Addresses of the institutions that will host the project:
The generation and systematic standardized analysis of research models at an organismal level is fundamental for all projects within this consortium. This will be coordinated by the central project CP2. B. Zevnik, head of the in vivo Research Facility (ivRF) at CECAD and his team of the Transgene Service Unit, will support each project to develop sophisticated novel models to investigate podocyte biology and pathophysiology in vivo. Heighly advanced genetic approaches include the combination of distinct DNA recombinases, multicistronic knock-in strategies with 2a-peptides and CRISPR/Cas9 technologies as well as AAV gene transfer and, ultimately, aim to delete or precidely modify any gene of interest or to re-express transgenes in a time- and cost-efficient manner in podocytes exclusively. This in vivo pipeline will be instrumental to fulfill our mission to explore novel therapeutic approaches to treat FSGS. The phenotypic analysis of animal models requires state-of-the-art imaging encompassing electron microscopy as well as light microscopy of histological sections. J.U. Becker, a reknown nephropathologist at UoC, will evaluate all kidney sections offering a reference nephropathology for all animal models. We envision that organizing acquisition and analysis of images as a central core project will add a significant value to the single projects. This will be coordinated by M. Höhne together with A. Schauss.

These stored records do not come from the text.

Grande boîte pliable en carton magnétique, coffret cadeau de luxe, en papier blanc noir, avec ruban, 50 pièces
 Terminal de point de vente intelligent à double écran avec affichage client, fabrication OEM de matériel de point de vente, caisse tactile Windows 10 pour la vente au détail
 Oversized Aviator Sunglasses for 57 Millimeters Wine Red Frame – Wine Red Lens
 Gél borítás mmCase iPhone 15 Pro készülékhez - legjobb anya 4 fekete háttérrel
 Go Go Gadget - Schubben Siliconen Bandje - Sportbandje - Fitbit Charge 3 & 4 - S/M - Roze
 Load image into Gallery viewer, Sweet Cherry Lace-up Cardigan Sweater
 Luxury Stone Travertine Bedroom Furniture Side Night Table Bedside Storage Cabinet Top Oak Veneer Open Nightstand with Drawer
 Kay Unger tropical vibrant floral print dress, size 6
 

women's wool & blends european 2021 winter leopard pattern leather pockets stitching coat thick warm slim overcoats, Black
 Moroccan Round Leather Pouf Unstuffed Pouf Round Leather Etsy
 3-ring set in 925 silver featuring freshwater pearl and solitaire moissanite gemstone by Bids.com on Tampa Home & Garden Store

In general, a clear data management strategy for data generation, data integration and data exchange will be essential to facilitate the communication and exchange between the individual projects. Thus, a central data platform will be provided by CP2 that covers all original data and information on (1) gene targeting, animal genotypes, phenotypes and treatment protocols, (2) histological data and reports similar to CP3, and (3) confocal/multiphoton/STED/EM imaging data.